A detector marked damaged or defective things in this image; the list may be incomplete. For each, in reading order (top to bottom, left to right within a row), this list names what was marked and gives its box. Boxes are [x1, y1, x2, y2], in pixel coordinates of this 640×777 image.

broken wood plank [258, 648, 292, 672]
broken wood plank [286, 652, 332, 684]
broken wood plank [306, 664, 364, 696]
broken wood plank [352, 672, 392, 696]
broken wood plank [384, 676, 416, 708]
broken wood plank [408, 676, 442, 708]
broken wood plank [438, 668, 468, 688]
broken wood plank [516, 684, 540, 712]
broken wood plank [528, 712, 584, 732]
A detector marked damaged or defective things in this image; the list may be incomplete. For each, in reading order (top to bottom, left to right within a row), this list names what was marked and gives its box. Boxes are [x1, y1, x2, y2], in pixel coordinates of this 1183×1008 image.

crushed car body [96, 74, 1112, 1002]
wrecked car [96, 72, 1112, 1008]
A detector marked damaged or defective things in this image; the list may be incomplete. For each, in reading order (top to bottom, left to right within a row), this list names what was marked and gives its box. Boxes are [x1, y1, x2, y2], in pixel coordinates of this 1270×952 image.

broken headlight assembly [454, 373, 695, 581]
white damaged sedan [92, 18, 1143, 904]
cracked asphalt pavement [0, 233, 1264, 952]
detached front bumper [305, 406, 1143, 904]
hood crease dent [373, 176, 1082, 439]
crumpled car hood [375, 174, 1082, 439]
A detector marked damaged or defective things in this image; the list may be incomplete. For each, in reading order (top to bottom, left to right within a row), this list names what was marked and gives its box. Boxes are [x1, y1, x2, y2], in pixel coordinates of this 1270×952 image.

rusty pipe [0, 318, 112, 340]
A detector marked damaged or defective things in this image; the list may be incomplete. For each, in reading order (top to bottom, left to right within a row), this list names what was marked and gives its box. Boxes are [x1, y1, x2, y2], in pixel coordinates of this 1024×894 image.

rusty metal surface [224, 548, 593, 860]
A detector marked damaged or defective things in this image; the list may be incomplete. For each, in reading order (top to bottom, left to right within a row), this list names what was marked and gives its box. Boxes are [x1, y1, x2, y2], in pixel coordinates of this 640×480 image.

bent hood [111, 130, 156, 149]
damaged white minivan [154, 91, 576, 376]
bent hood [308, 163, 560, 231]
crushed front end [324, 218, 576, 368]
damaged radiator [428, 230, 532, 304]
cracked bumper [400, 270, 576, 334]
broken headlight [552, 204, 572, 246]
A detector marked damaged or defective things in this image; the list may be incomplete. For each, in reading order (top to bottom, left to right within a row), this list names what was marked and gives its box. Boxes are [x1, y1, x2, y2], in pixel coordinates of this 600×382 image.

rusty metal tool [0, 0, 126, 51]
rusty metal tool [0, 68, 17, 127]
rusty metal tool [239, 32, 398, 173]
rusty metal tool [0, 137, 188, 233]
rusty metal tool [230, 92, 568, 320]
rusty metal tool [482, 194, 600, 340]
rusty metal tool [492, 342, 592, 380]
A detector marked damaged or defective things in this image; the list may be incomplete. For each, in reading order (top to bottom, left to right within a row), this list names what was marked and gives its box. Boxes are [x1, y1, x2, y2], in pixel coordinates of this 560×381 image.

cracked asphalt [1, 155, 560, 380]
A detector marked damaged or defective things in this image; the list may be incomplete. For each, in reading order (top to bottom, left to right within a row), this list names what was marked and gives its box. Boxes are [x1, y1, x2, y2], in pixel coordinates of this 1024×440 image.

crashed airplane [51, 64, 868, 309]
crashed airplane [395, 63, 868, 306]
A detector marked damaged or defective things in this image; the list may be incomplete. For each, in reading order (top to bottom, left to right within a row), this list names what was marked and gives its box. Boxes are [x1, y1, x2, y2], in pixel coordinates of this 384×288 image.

========

TASK OBJECTIVE: Each record, exactly as written, is to be printed again.

SOLUTION TO THE PROBLEM:
A detector marked damaged or defective things in this image; the list may be incomplete. For each, in reading order (top to bottom, left to right within a row), this list names what was marked and gives its box. Boxes are [x1, y1, x2, y2], in pixel coordinates of this 640×777 image.

broken wood plank [258, 648, 292, 672]
broken wood plank [286, 652, 332, 684]
broken wood plank [306, 664, 364, 696]
broken wood plank [352, 672, 392, 696]
broken wood plank [384, 676, 416, 708]
broken wood plank [408, 676, 442, 708]
broken wood plank [438, 668, 468, 688]
broken wood plank [516, 684, 540, 712]
broken wood plank [528, 712, 584, 732]
A detector marked damaged or defective things in this image; the list may be incomplete. For each, in reading order (top to bottom, left to right within a row), this list names what was marked and gives its box. Boxes are [x1, y1, x2, y2], in pixel coordinates of this 1183×1008 image.

crushed car body [96, 74, 1112, 1002]
wrecked car [96, 72, 1112, 1008]
A detector marked damaged or defective things in this image; the list may be incomplete. For each, in reading order (top to bottom, left to right within a row), this list names what was marked and gives its box. Boxes are [x1, y1, x2, y2], in pixel coordinates of this 1270×952 image.

broken headlight assembly [454, 373, 695, 581]
white damaged sedan [92, 18, 1143, 904]
cracked asphalt pavement [0, 233, 1264, 952]
detached front bumper [305, 406, 1143, 904]
hood crease dent [373, 176, 1082, 439]
crumpled car hood [375, 174, 1082, 439]
A detector marked damaged or defective things in this image; the list may be incomplete. For each, in reading order (top to bottom, left to right within a row), this list names what was marked and gives its box. Boxes are [x1, y1, x2, y2], in pixel coordinates of this 1270×952 image.

rusty pipe [0, 318, 112, 340]
A detector marked damaged or defective things in this image; the list may be incomplete. For each, in reading order (top to bottom, left to right within a row), this list names what was marked and gives its box. Boxes are [x1, y1, x2, y2], in pixel coordinates of this 1024×894 image.

rusty metal surface [224, 548, 593, 860]
A detector marked damaged or defective things in this image; the list may be incomplete. For each, in reading order (top to bottom, left to right within a row), this list names what was marked and gives its box. Boxes are [x1, y1, x2, y2], in pixel coordinates of this 640×480 image.

bent hood [111, 130, 156, 149]
damaged white minivan [154, 91, 576, 376]
bent hood [308, 163, 560, 231]
crushed front end [324, 218, 576, 368]
damaged radiator [428, 230, 532, 304]
cracked bumper [400, 270, 576, 334]
broken headlight [552, 204, 572, 246]
A detector marked damaged or defective things in this image; the list may be incomplete. For each, in reading order (top to bottom, left to right within a row), this list names what was marked and gives its box. Boxes are [x1, y1, x2, y2], in pixel coordinates of this 600×382 image.

rusty metal tool [0, 0, 126, 51]
rusty metal tool [0, 68, 17, 127]
rusty metal tool [239, 32, 398, 173]
rusty metal tool [0, 137, 188, 233]
rusty metal tool [230, 92, 568, 320]
rusty metal tool [482, 194, 600, 340]
rusty metal tool [492, 342, 592, 380]
A detector marked damaged or defective things in this image; the list may be incomplete. For each, in reading order (top to bottom, left to right within a row), this list names what was marked and gives its box. Boxes are [x1, y1, x2, y2], in pixel coordinates of this 560×381 image.

cracked asphalt [1, 155, 560, 380]
A detector marked damaged or defective things in this image; the list may be incomplete. For each, in reading order (top to bottom, left to right within a row), this list names what was marked and gives its box. Boxes are [x1, y1, x2, y2], in pixel coordinates of this 1024×440 image.

crashed airplane [51, 64, 868, 309]
crashed airplane [395, 63, 868, 306]
A detector marked damaged or defective things in this image; the list may be incomplete. For each, in reading order (top to bottom, left to right within a row), this list names what was marked and gives its box. Boxes are [x1, y1, x2, y2], in pixel coordinates of this 384×288 image.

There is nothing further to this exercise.